Vaccinated and Immunosuppressed

By Anita Williams

3 min read

After more than one year of actual time passing and what seemed like a couple more years, I was eligible for the COVID-19 vaccine. I received the newsletter from the neurology department telling me that it was safe and effective. When my time came, I loaded into my car and headed out to one of the mobile sites set up by STRIDE Community Health Centers. From home and back it was less than one hour for my first shot.

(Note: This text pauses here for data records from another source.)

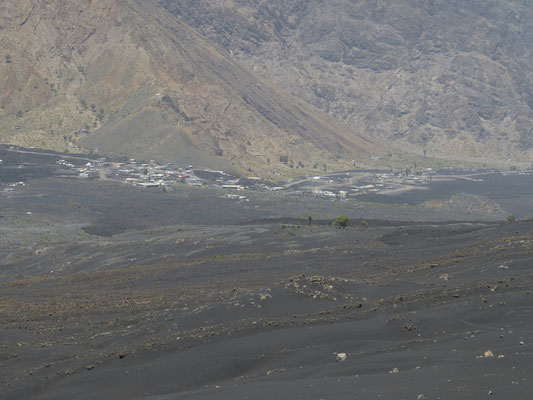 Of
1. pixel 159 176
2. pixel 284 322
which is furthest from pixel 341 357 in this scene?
pixel 159 176

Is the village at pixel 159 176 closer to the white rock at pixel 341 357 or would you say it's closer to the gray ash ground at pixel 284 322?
the gray ash ground at pixel 284 322

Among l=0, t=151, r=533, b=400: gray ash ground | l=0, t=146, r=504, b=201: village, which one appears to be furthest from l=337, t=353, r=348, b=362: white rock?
l=0, t=146, r=504, b=201: village

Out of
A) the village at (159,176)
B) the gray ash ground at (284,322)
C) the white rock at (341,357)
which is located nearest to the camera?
the gray ash ground at (284,322)

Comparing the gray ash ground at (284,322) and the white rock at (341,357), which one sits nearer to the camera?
the gray ash ground at (284,322)

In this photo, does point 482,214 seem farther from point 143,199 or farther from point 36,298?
point 36,298

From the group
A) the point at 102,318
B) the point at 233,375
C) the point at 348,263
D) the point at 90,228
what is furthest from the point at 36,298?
the point at 90,228

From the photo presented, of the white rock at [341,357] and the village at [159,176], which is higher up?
the white rock at [341,357]

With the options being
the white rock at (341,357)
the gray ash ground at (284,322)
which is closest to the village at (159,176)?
the gray ash ground at (284,322)

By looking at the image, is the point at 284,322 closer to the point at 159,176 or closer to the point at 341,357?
the point at 341,357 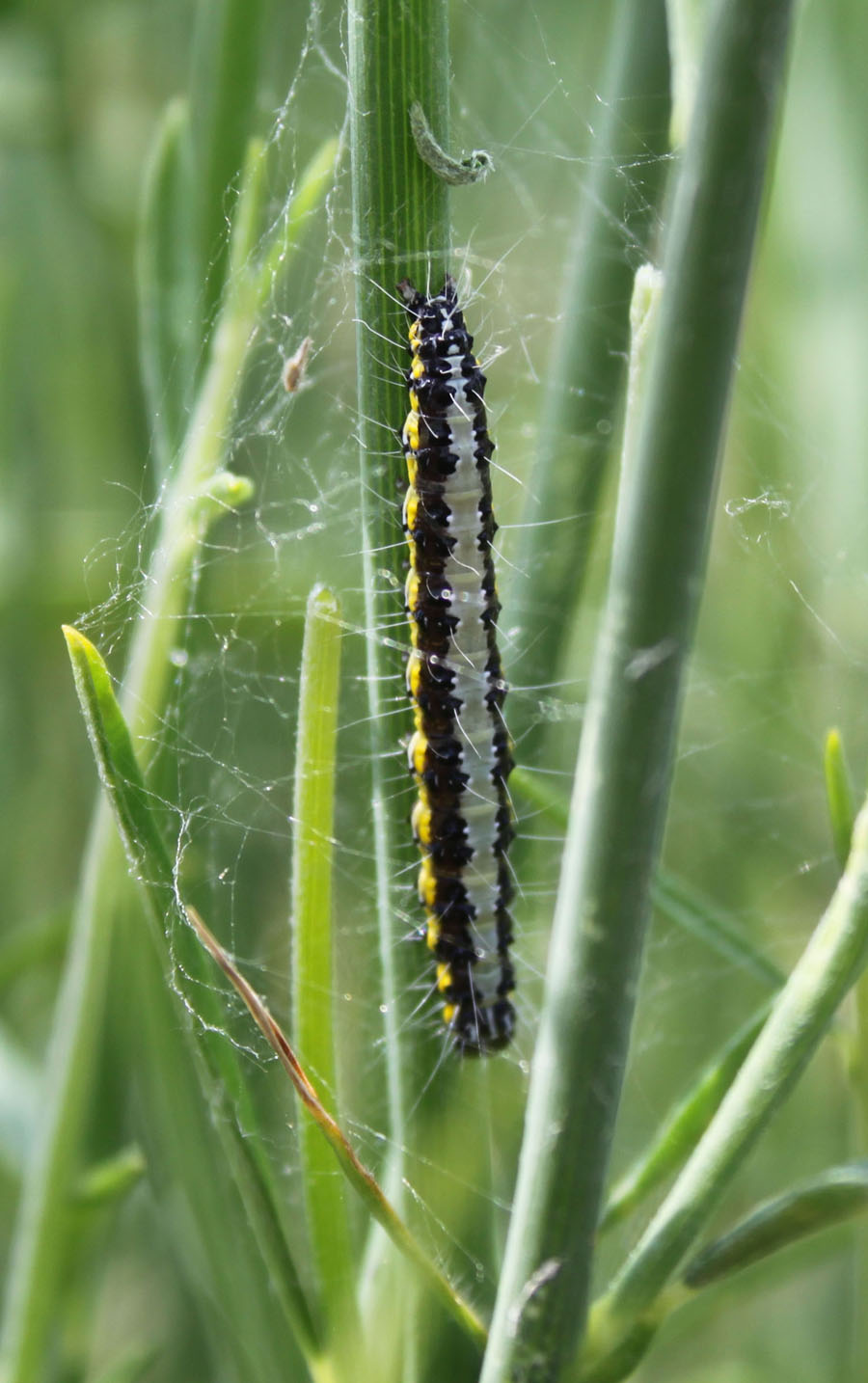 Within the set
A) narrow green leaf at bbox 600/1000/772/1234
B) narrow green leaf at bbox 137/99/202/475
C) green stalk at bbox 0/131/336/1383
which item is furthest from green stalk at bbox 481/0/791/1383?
narrow green leaf at bbox 137/99/202/475

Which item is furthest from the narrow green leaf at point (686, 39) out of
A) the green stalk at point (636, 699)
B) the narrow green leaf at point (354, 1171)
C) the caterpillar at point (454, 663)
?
the narrow green leaf at point (354, 1171)

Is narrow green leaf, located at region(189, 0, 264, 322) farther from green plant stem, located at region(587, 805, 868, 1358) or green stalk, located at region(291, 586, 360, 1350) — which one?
green plant stem, located at region(587, 805, 868, 1358)

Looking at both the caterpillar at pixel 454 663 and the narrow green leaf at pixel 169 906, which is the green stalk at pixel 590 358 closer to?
the caterpillar at pixel 454 663

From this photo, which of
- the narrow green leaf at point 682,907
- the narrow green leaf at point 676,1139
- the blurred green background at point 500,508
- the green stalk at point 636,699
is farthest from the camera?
the blurred green background at point 500,508

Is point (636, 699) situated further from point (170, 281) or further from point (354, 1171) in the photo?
point (170, 281)

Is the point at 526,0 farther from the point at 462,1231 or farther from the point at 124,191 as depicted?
the point at 462,1231
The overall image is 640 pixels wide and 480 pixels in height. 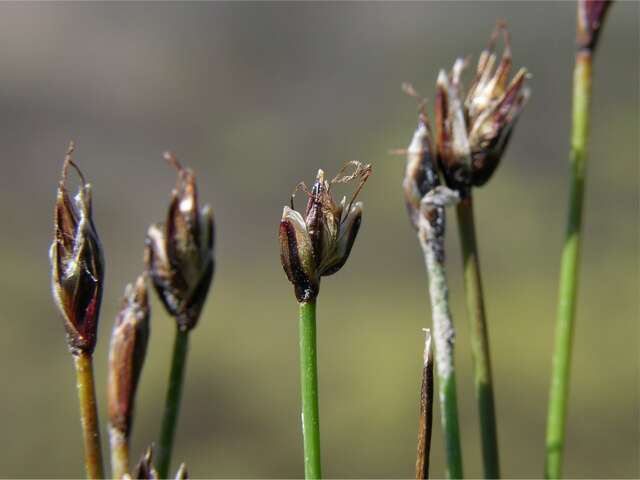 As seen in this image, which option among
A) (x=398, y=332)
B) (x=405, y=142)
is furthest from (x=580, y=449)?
(x=405, y=142)

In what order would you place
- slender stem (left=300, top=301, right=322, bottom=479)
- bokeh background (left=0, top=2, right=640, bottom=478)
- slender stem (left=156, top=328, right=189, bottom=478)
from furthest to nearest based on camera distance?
bokeh background (left=0, top=2, right=640, bottom=478), slender stem (left=156, top=328, right=189, bottom=478), slender stem (left=300, top=301, right=322, bottom=479)

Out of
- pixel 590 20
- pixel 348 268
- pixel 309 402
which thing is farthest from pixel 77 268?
pixel 348 268

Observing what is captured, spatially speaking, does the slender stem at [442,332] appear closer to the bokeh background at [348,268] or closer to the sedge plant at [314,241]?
the sedge plant at [314,241]

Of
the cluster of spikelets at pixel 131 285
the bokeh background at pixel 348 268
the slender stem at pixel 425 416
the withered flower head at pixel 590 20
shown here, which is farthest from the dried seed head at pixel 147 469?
the bokeh background at pixel 348 268

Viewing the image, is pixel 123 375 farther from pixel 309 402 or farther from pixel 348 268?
pixel 348 268

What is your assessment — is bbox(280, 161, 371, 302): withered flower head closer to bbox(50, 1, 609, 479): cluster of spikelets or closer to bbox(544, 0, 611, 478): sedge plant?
bbox(50, 1, 609, 479): cluster of spikelets

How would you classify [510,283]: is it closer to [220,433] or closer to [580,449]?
[580,449]

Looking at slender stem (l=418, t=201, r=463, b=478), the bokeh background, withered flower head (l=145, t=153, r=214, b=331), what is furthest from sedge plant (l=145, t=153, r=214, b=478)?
the bokeh background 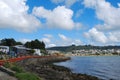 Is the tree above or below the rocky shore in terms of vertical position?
above

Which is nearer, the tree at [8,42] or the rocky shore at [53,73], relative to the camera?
the rocky shore at [53,73]

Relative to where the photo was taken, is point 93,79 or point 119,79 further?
point 119,79

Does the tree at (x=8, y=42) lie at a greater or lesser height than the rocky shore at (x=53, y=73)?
greater

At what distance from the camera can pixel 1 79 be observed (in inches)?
1086

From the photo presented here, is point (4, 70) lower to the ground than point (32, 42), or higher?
lower

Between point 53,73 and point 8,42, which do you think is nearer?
point 53,73

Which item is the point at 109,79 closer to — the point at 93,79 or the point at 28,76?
the point at 93,79

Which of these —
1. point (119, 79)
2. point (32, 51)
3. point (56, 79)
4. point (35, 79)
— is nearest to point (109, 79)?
point (119, 79)

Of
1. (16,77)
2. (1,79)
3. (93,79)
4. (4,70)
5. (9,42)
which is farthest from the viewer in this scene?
(9,42)

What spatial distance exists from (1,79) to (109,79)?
3156 centimetres

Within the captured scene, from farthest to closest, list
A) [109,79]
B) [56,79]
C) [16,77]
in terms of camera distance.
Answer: [109,79] < [56,79] < [16,77]

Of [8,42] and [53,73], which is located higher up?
[8,42]

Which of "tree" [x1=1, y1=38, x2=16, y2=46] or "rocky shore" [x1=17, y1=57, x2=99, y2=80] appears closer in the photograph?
A: "rocky shore" [x1=17, y1=57, x2=99, y2=80]

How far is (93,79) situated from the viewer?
47688 mm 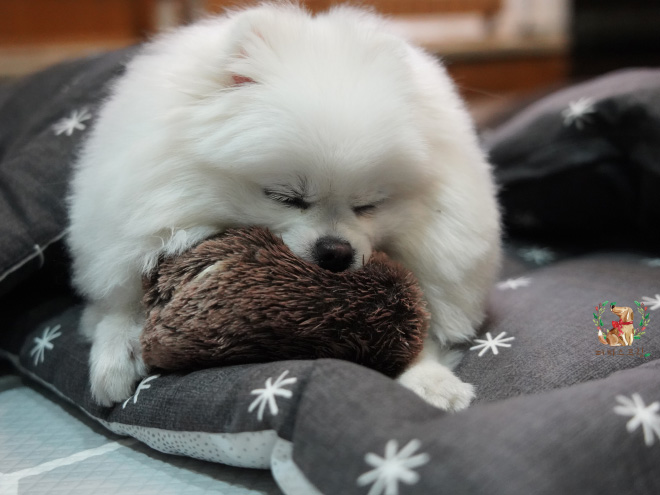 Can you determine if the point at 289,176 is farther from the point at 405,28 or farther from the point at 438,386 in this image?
the point at 405,28

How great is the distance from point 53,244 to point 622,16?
11.9ft

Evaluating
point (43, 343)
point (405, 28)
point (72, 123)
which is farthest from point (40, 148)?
point (405, 28)

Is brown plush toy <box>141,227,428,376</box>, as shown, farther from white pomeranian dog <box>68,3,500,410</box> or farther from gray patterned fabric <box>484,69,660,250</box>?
gray patterned fabric <box>484,69,660,250</box>

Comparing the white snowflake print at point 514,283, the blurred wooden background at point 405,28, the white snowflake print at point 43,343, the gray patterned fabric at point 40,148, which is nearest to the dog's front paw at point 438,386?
the white snowflake print at point 514,283

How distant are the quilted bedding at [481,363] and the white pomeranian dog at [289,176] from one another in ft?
0.38

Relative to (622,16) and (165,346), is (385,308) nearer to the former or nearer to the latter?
(165,346)

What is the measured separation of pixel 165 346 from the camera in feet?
3.38

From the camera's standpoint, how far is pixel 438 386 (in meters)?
1.02

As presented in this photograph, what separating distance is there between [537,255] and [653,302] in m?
0.57

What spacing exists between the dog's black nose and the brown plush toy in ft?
0.18

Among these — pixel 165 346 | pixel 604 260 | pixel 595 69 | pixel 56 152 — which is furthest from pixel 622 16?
pixel 165 346

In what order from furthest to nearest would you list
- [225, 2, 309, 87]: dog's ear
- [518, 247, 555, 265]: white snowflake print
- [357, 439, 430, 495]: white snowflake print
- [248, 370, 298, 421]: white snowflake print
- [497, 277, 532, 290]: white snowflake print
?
[518, 247, 555, 265]: white snowflake print → [497, 277, 532, 290]: white snowflake print → [225, 2, 309, 87]: dog's ear → [248, 370, 298, 421]: white snowflake print → [357, 439, 430, 495]: white snowflake print

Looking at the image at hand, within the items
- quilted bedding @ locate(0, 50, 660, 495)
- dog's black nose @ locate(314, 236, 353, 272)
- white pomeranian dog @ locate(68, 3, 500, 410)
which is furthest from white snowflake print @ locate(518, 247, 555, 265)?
dog's black nose @ locate(314, 236, 353, 272)

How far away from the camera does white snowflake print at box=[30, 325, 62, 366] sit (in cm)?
129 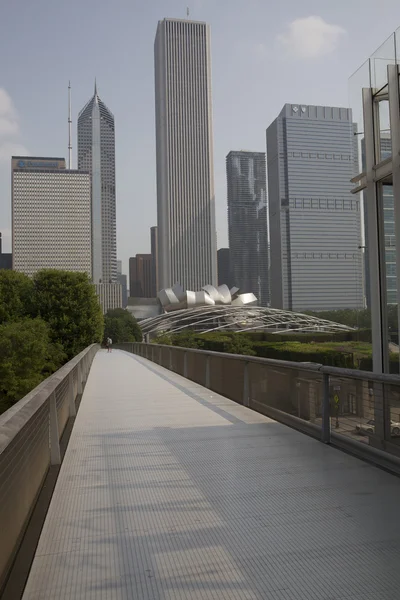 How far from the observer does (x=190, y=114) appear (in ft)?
636

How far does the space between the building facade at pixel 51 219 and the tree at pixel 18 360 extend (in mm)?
141612

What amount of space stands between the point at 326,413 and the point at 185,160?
192 metres

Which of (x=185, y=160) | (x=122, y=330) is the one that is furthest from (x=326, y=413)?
(x=185, y=160)

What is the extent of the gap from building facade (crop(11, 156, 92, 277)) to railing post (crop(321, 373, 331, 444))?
7026 inches

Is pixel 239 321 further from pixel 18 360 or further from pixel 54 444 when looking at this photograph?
pixel 54 444

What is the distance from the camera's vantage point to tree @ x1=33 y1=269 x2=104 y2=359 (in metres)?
50.6

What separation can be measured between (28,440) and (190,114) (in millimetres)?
200438

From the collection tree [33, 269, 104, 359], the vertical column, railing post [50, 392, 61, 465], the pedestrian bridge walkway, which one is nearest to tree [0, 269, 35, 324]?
Answer: tree [33, 269, 104, 359]

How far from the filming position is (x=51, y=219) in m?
182

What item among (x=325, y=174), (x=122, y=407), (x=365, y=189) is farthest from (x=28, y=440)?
(x=325, y=174)

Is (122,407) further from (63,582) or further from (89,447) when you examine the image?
(63,582)

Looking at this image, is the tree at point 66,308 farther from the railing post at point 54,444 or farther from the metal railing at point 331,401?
the railing post at point 54,444

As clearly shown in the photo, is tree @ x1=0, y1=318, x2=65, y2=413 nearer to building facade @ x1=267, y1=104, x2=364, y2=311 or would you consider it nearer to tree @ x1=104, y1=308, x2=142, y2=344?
tree @ x1=104, y1=308, x2=142, y2=344

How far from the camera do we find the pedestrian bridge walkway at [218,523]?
2.90m
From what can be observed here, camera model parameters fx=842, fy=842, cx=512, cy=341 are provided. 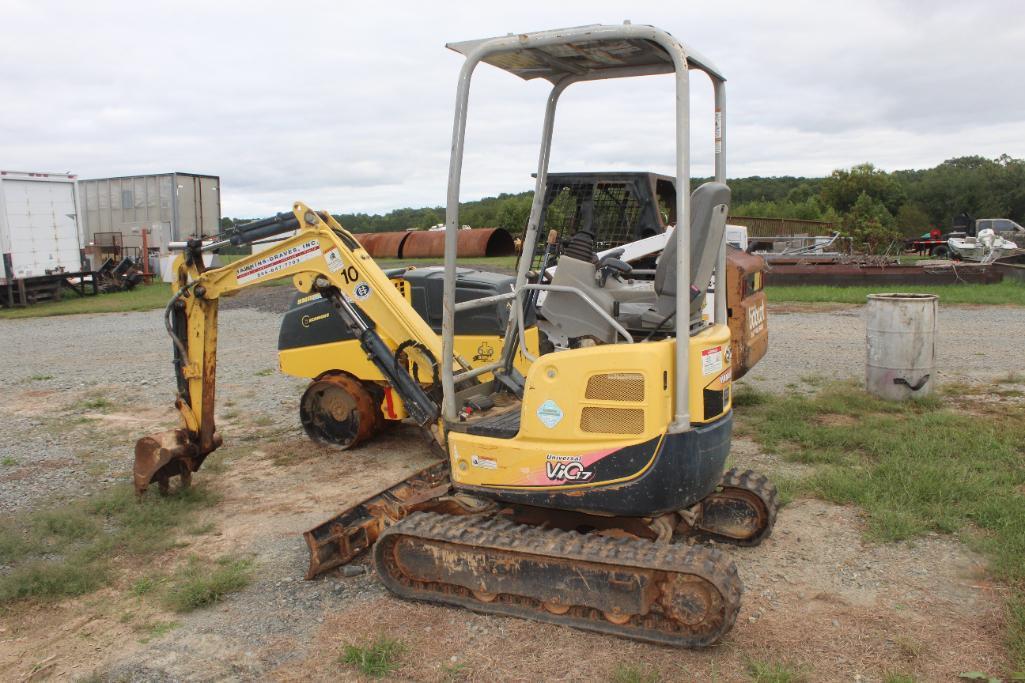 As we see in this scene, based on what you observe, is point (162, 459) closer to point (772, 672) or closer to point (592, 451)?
point (592, 451)

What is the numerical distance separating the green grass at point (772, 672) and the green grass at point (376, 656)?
5.35 feet

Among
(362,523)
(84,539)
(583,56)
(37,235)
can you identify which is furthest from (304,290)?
(37,235)

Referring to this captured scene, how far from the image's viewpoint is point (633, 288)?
4777mm

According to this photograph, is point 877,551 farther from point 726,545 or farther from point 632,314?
point 632,314

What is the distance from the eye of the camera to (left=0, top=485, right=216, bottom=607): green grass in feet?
16.0

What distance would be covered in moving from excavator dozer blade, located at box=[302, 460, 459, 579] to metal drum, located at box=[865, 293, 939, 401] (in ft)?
17.9

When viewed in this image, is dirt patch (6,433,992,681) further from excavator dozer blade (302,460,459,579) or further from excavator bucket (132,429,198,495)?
excavator bucket (132,429,198,495)

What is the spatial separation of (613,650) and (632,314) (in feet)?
5.76

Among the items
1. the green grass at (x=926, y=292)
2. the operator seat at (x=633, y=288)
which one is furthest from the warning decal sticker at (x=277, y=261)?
the green grass at (x=926, y=292)

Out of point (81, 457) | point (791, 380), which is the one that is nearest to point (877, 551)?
point (791, 380)

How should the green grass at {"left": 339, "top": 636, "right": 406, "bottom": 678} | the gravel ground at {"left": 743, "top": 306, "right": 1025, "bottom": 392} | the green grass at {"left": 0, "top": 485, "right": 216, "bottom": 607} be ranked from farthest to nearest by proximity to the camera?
the gravel ground at {"left": 743, "top": 306, "right": 1025, "bottom": 392} → the green grass at {"left": 0, "top": 485, "right": 216, "bottom": 607} → the green grass at {"left": 339, "top": 636, "right": 406, "bottom": 678}

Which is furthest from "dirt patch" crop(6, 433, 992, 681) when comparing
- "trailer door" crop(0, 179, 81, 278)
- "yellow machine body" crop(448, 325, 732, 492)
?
"trailer door" crop(0, 179, 81, 278)

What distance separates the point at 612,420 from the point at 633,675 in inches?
47.1

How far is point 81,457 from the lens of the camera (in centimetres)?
768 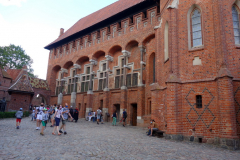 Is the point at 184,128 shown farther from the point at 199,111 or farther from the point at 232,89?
the point at 232,89

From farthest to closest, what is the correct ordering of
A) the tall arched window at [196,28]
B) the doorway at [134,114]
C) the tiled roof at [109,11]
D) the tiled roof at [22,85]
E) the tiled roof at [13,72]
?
the tiled roof at [13,72]
the tiled roof at [22,85]
the tiled roof at [109,11]
the doorway at [134,114]
the tall arched window at [196,28]

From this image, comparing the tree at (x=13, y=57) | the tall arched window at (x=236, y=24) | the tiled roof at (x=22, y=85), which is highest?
the tree at (x=13, y=57)

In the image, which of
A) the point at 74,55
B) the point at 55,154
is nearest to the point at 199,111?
the point at 55,154

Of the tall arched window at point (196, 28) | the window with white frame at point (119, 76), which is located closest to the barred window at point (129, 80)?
the window with white frame at point (119, 76)

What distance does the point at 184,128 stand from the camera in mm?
9281

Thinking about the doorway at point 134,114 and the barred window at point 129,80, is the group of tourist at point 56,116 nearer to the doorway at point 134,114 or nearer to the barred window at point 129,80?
the doorway at point 134,114

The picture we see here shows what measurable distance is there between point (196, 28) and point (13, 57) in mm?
38233

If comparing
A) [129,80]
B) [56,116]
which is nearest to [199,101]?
[56,116]

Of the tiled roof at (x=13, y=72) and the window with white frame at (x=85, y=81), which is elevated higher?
the tiled roof at (x=13, y=72)

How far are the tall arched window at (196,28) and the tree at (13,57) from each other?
122 ft

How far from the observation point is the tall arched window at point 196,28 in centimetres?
1021

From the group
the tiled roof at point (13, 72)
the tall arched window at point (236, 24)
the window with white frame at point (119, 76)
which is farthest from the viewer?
the tiled roof at point (13, 72)

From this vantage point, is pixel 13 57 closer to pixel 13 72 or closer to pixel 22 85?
pixel 13 72

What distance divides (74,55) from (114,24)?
26.2 ft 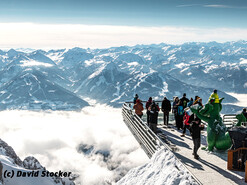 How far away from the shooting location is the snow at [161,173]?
326 inches

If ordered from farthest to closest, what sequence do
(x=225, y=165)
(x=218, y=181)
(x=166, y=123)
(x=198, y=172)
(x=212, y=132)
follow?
(x=166, y=123) → (x=212, y=132) → (x=225, y=165) → (x=198, y=172) → (x=218, y=181)

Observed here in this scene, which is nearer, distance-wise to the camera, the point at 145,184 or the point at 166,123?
the point at 145,184

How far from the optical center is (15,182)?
165ft

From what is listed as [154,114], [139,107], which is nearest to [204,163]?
[154,114]

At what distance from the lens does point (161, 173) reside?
9016mm

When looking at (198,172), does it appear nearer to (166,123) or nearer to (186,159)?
(186,159)

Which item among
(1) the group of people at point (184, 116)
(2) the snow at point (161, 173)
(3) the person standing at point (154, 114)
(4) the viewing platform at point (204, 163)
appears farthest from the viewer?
(3) the person standing at point (154, 114)

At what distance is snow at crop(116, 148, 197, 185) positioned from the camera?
27.2 ft

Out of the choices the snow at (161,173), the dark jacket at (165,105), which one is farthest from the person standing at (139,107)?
the snow at (161,173)

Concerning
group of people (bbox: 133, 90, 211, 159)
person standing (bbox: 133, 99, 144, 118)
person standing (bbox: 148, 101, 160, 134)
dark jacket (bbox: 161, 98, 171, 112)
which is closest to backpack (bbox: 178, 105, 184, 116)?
group of people (bbox: 133, 90, 211, 159)

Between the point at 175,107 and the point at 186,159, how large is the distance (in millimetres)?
5583

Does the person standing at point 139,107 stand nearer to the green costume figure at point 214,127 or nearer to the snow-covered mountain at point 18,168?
the green costume figure at point 214,127

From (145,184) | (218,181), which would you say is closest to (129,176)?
(145,184)

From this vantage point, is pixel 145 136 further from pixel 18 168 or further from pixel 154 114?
pixel 18 168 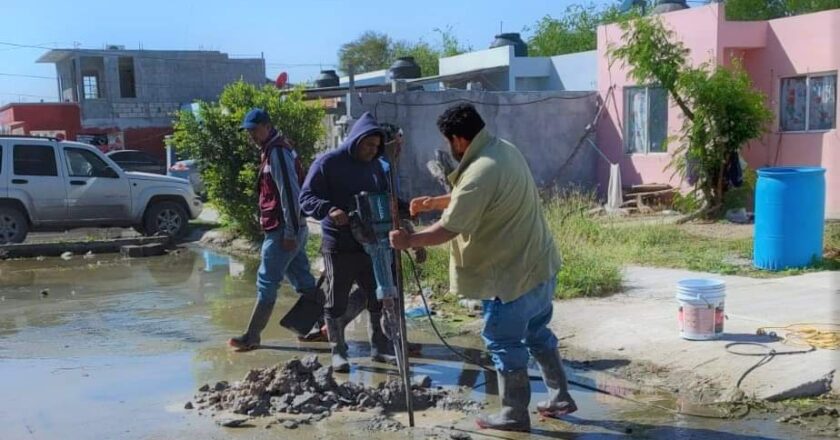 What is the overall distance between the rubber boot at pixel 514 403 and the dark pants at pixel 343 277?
Answer: 1722 millimetres

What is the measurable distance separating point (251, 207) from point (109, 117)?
3141 centimetres

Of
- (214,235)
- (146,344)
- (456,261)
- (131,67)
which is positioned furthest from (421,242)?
(131,67)

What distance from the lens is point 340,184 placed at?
6.17m

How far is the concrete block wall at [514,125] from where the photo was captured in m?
16.2

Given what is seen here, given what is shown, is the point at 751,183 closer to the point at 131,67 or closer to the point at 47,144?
the point at 47,144

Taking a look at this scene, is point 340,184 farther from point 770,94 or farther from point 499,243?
point 770,94

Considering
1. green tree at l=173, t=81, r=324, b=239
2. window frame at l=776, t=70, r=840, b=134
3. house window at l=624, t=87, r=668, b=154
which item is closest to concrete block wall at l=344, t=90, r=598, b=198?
house window at l=624, t=87, r=668, b=154

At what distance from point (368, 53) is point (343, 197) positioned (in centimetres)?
→ 5339

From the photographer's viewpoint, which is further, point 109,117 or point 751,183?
point 109,117

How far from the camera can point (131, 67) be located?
44.8 meters

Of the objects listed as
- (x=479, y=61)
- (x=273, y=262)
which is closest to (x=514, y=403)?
(x=273, y=262)

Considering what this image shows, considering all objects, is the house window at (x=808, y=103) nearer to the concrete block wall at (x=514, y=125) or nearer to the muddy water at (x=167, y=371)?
the concrete block wall at (x=514, y=125)

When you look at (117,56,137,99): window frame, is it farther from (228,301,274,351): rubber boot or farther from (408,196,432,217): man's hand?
(408,196,432,217): man's hand

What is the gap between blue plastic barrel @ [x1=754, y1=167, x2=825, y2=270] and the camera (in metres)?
9.01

A sigh of relief after my COVID-19 vaccine

A few weeks later and I was happy as a clam with my Moderna vaccine. It was created by a Black woman and partially financed by Dolly Parton. At home, my chest puffed out a little bit. I was safe from a COVID-19 death according to science. I could still get ill, but my chances of being hospitalized and on a ventilator were reduced significantly.¹ As a person living with MS, who also suffers from other comorbidities including asthma, this was more than good news. It was a shot of confidence that I would be able to avoid being one of the nearly 610,000 (as of this writing) poor souls in the United States that we have lost to this pandemic. I was not going to run out without my mask! However, I was feeling safer.

Side effects from the second dose

Much to my surprise, the second COVID-19 vaccine dose came with the dreaded side effects. I was woken up by nausea and a bit of diarrhea along with chills, body aches, and a headache. I have not had a cold or flu since 1997, with the flu shot, so I was plenty confused about what was going on. It took me about half a day before I figured out that I was having a reaction to the Moderna shot. I thought my strong second response was supposed to be a good sign that my body's reaction meant I was going to be safe. Well, that is not true. How your body reacts outwardly is not an indication of how well you are immunized.² This information came in handy when I learned that being immunosuppressed means that I may not be as safe as I thought.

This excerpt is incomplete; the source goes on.